-- Prompt --
Write out exactly the lines of the entries below from the one holding "vidaXL Hockey Goal" to the one holding "Pre-owned Burberry 2000-2017", inclusive, and leave out all other lines.

(Given records)

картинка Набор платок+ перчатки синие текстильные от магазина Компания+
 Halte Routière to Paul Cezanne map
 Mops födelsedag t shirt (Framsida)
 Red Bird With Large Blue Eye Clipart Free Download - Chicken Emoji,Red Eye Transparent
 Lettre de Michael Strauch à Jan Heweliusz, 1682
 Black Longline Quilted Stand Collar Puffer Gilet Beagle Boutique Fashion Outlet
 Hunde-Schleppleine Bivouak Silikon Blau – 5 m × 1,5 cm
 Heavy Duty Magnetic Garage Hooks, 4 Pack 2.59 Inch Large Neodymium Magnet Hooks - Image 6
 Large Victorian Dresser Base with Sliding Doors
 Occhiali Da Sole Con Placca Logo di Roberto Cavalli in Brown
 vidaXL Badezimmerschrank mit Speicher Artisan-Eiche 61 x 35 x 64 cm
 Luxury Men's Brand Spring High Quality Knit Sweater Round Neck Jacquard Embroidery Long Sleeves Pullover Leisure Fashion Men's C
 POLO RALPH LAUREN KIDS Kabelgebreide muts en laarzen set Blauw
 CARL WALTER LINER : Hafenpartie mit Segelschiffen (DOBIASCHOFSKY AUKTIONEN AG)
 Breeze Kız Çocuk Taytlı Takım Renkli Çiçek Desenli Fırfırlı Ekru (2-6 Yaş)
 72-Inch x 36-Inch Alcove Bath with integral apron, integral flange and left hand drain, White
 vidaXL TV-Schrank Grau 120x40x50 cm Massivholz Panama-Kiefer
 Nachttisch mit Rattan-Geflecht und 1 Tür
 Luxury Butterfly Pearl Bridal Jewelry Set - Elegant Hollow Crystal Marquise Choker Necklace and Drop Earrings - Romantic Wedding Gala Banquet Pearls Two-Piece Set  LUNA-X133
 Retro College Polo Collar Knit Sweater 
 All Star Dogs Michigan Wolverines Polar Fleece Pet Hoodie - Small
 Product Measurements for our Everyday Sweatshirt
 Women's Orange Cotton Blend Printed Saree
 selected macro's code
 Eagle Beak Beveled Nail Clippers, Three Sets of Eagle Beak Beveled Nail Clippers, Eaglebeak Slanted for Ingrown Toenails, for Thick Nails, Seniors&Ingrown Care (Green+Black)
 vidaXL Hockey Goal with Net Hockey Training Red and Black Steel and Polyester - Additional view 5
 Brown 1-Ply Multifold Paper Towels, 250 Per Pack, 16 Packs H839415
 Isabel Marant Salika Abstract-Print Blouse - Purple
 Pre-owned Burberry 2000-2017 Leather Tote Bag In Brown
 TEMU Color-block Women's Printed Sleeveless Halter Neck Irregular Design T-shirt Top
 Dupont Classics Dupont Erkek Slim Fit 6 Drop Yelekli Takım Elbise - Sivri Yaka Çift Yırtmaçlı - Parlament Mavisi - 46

(End Given records)

-- Expected answer --
 vidaXL Hockey Goal with Net Hockey Training Red and Black Steel and Polyester - Additional view 5
 Brown 1-Ply Multifold Paper Towels, 250 Per Pack, 16 Packs H839415
 Isabel Marant Salika Abstract-Print Blouse - Purple
 Pre-owned Burberry 2000-2017 Leather Tote Bag In Brown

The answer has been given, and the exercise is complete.